## Recorded information
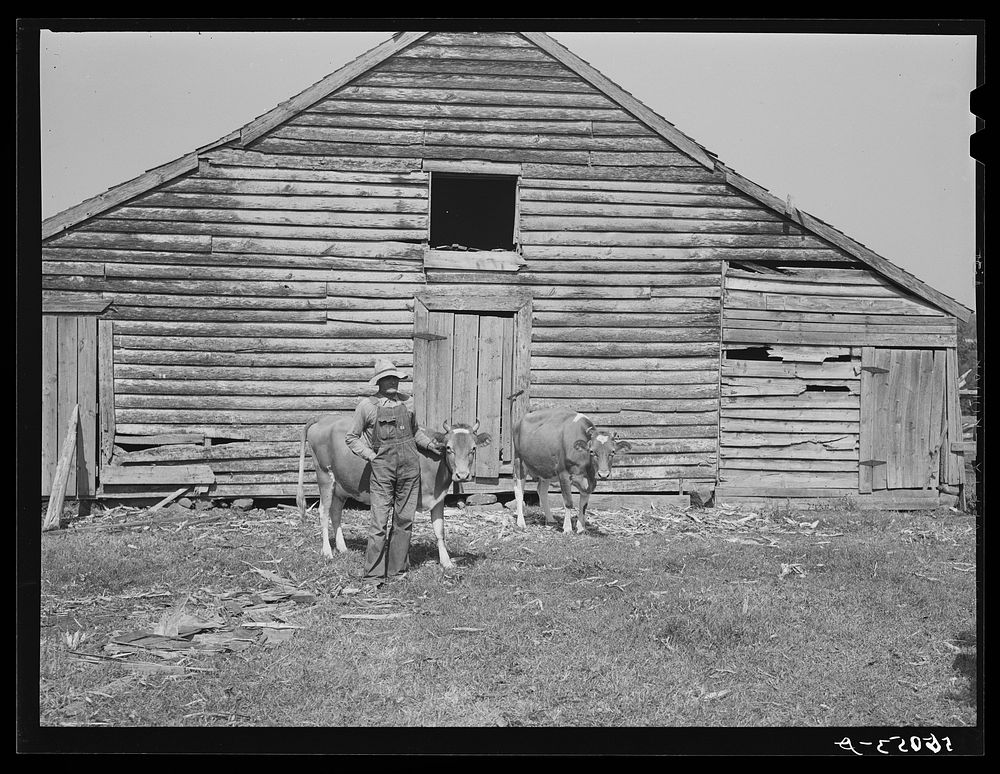 [Untitled photo, possibly related to: FSA (Farm Security Administration) borrower with a bull calf purchased with a FSA…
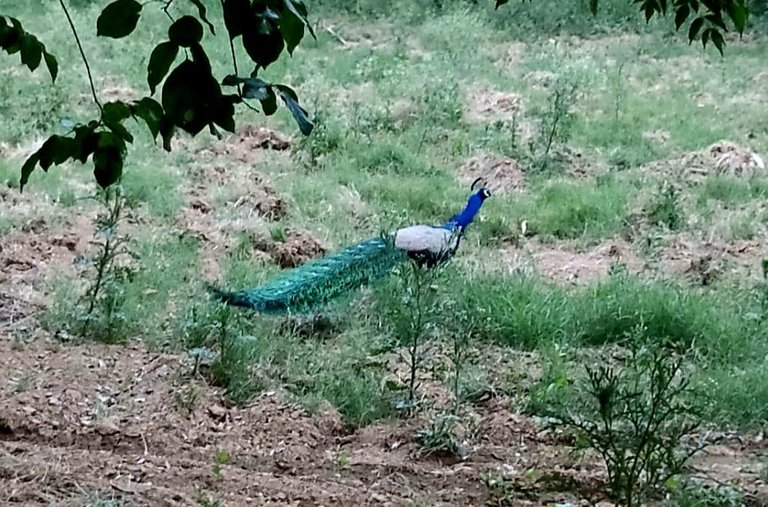 Wildlife.jpg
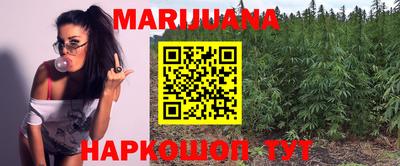 молекула духа Будённовск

## What to do
With the pictures left out, transcribe the material exactly.

## Your response
 [Untitled photo, possibly related to: FSA (Farm Security Administration) borrower with a bull calf purchased with a FSA…
 Wildlife.jpg
 молекула духа Будённовск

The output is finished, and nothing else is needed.